* [Problem statement]
The pictures are to be omitted when the entries are reproduced exactly.

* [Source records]
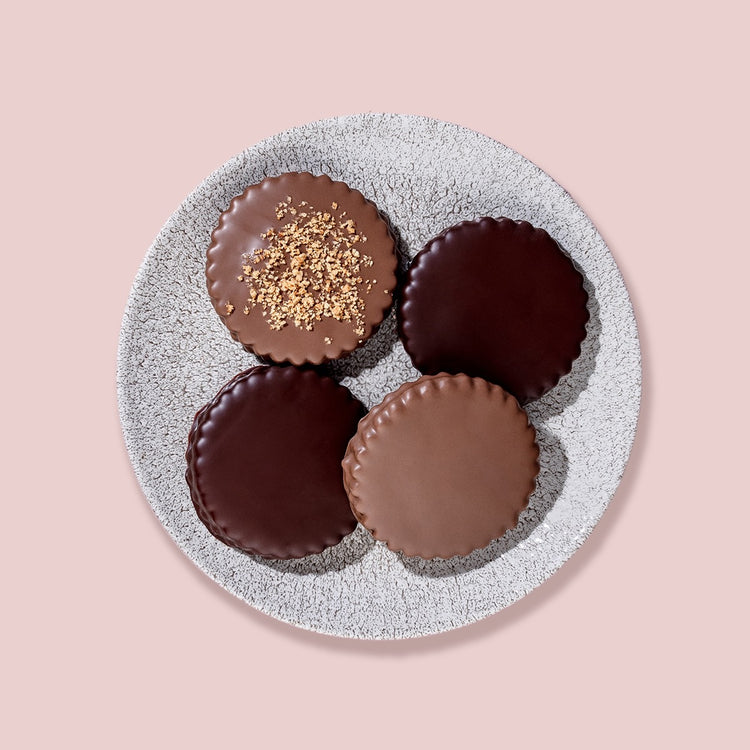 Luxurious display of Milk Chocolate Sablés on a wooden platter, perfect for gourmet gifting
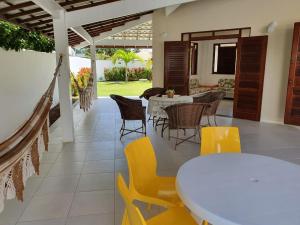 un patio con una mesa blanca y sillas en Guarajuba - casa em condomínio corais a 200 metros da praia, en Camaçari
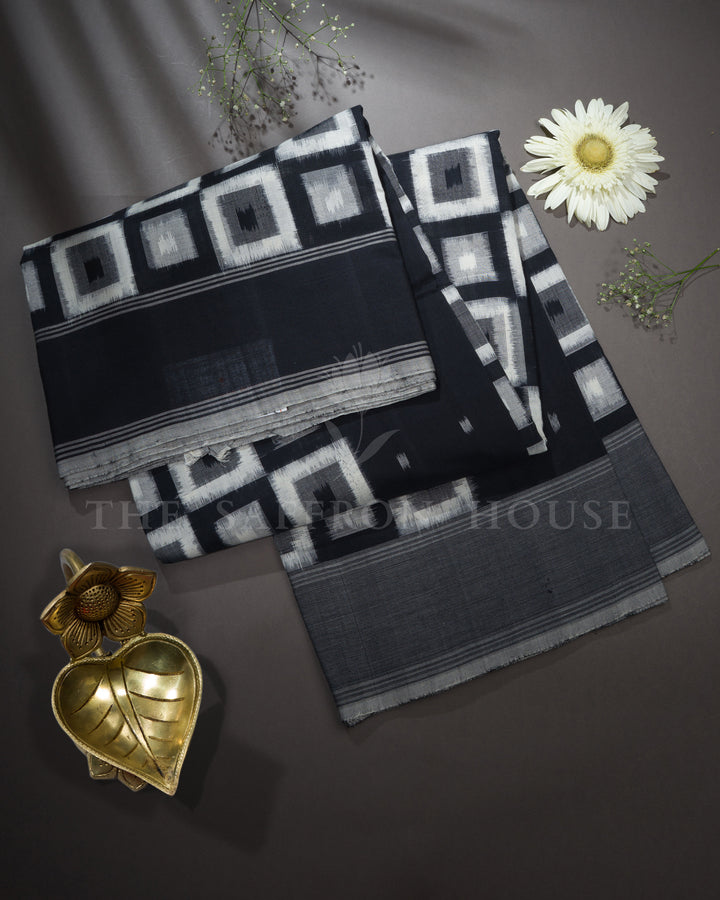 Pure White And Onyx Black Handwoven Patola Saree – The Saffron House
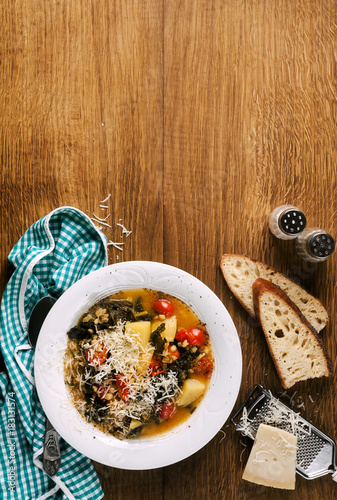 Curly kale (or cavolo nero) and barley soup. Winter Vegetable Soup on a wooden table and fresh homemade bread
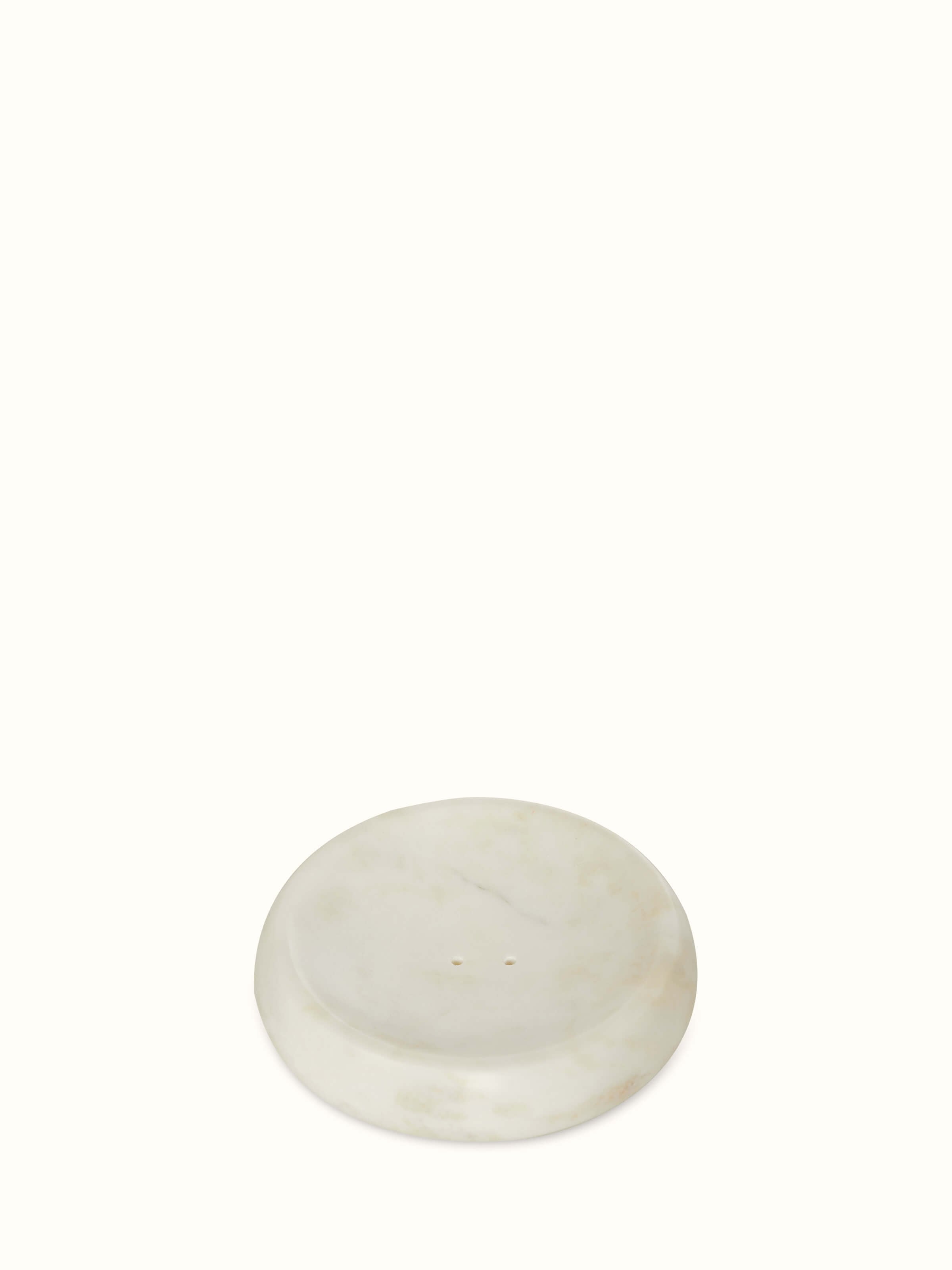 Full view of stone-worked marble and brass soap dish, emphasizing its detailed stone work and elegant brass fittings.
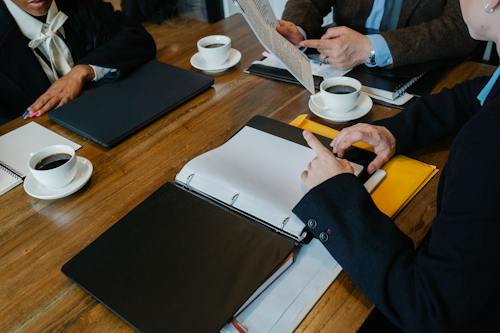 High angle of crop faceless coworkers in formal clothes sitting at wooden table with documents and fresh coffee while having meeting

* [Task answer]
 Luxurious display of Milk Chocolate Sablés on a wooden platter, perfect for gourmet gifting
 un patio con una mesa blanca y sillas en Guarajuba - casa em condomínio corais a 200 metros da praia, en Camaçari
 Pure White And Onyx Black Handwoven Patola Saree – The Saffron House
 Curly kale (or cavolo nero) and barley soup. Winter Vegetable Soup on a wooden table and fresh homemade bread
 Full view of stone-worked marble and brass soap dish, emphasizing its detailed stone work and elegant brass fittings.
 High angle of crop faceless coworkers in formal clothes sitting at wooden table with documents and fresh coffee while having meeting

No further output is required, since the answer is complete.